§ Supplied records
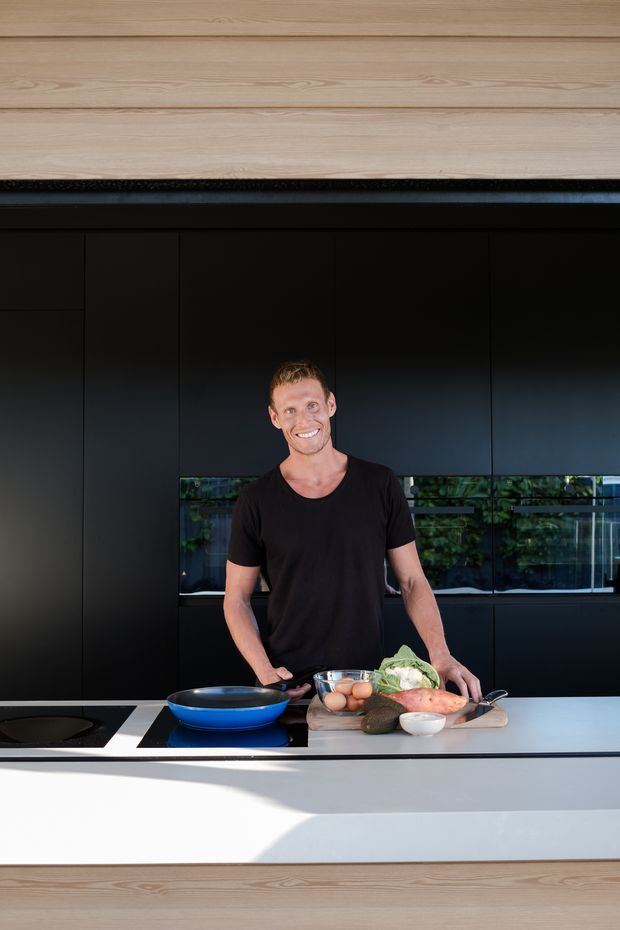 A contemporary kitchen interior photographed from across a large island. A person stands behind the island preparing food, with dark matte built-in cabinetry, a long horizontal window or glazed backsplash, a white island benchtop with an integrated black cooktop, and light timber wall and island cladding creating strong warm-and-dark contrast.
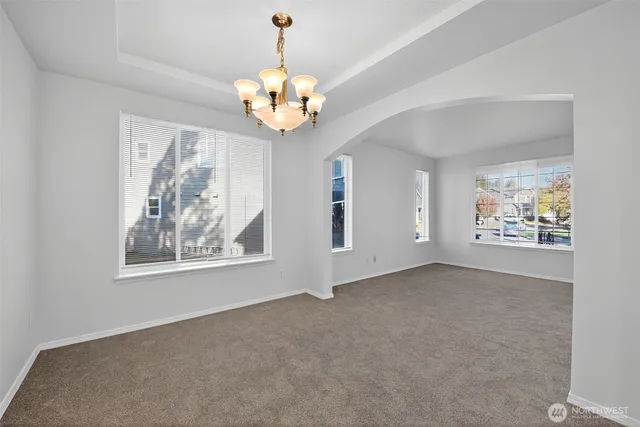 an empty room with windows and chandelier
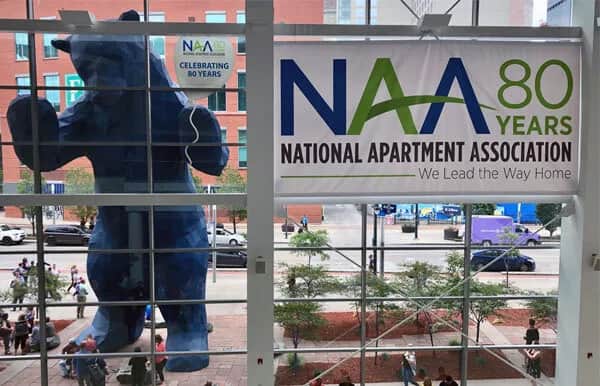 A large blue bear sculpture peers into a glass building. Inside, a banner reads NAA 80 Years National Apartment Association, We Lead the Way Home. People walk on the sidewalk outside.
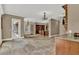Open-concept living room featuring stone tile floors, a neutral color palette, and natural lighting at 3414 Cocard Ct, Windermere, FL 34786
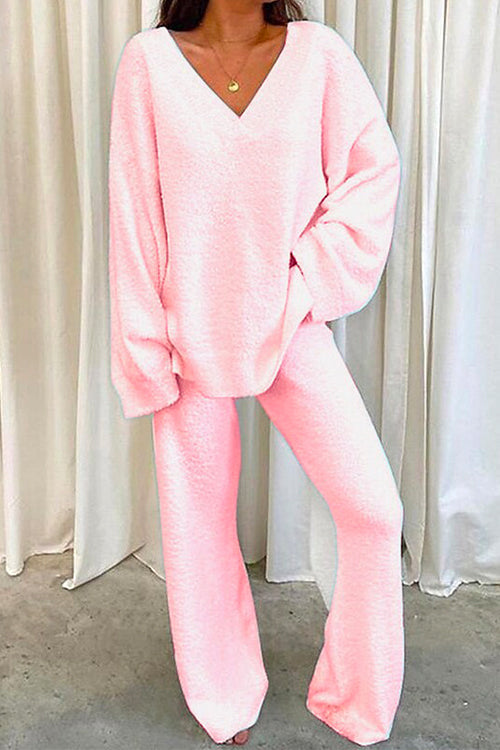 Stilrent kvinnors loungewear set med batwing ärmar och v-hals. Idealiskt för hemma eller casual mode.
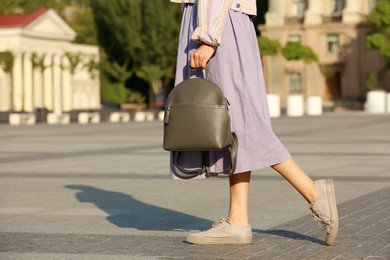 Photo of Young woman with stylish backpack on city street, closeup. Space for text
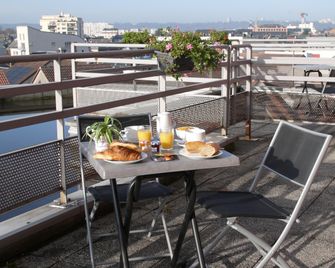 Séjours & Affaires Rouen Normandie - רואה - מרפסת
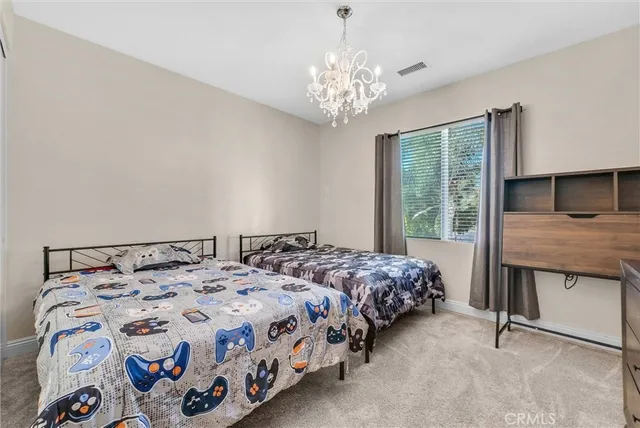 a view of a patio with table and chairs and potted plants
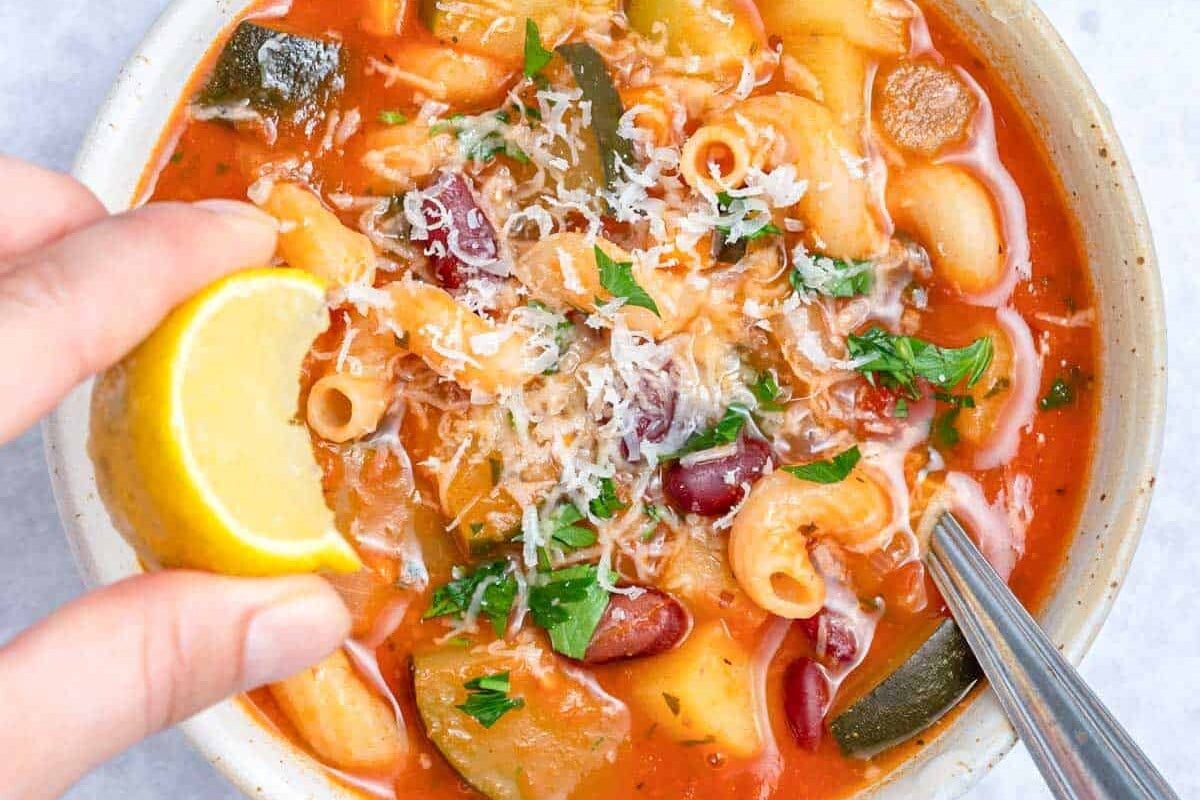 garnishing soup with a lemon wedge.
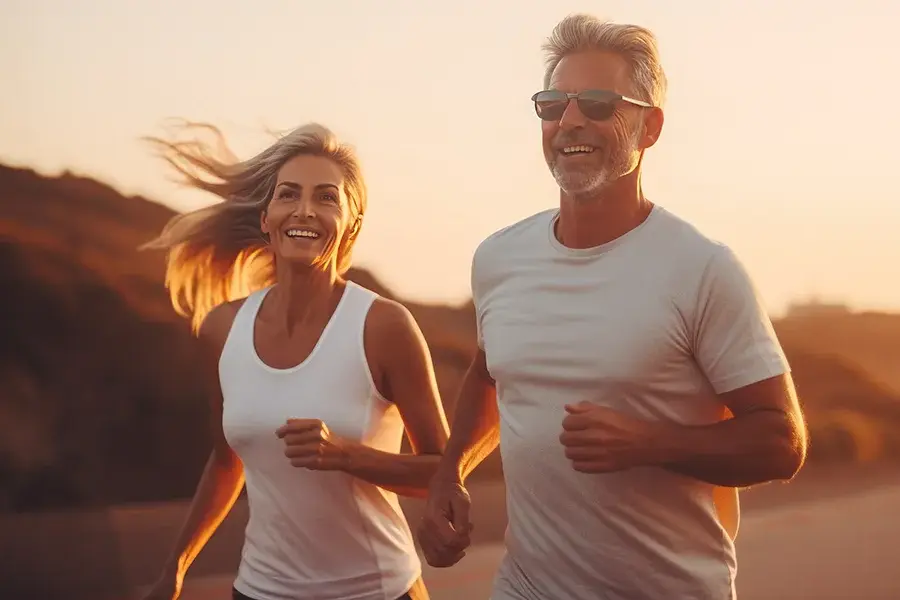 Styku-Body-Scanner-Clinic A middle-age couple happily jogging at sundown. Get a Styku Body Scan from Healthy Aging Medical Centers of New Jersey in Northern New Jersey.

§ Aim of the task
Output every entry exactly, leaving out pictures.

§ Solution to the exercise
 A contemporary kitchen interior photographed from across a large island. A person stands behind the island preparing food, with dark matte built-in cabinetry, a long horizontal window or glazed backsplash, a white island benchtop with an integrated black cooktop, and light timber wall and island cladding creating strong warm-and-dark contrast.
 an empty room with windows and chandelier
 A large blue bear sculpture peers into a glass building. Inside, a banner reads NAA 80 Years National Apartment Association, We Lead the Way Home. People walk on the sidewalk outside.
Open-concept living room featuring stone tile floors, a neutral color palette, and natural lighting at 3414 Cocard Ct, Windermere, FL 34786
 Stilrent kvinnors loungewear set med batwing ärmar och v-hals. Idealiskt för hemma eller casual mode.
 Photo of Young woman with stylish backpack on city street, closeup. Space for text
 Séjours & Affaires Rouen Normandie - רואה - מרפסת
 a view of a patio with table and chairs and potted plants
 garnishing soup with a lemon wedge.
 Styku-Body-Scanner-Clinic A middle-age couple happily jogging at sundown. Get a Styku Body Scan from Healthy Aging Medical Centers of New Jersey in Northern New Jersey.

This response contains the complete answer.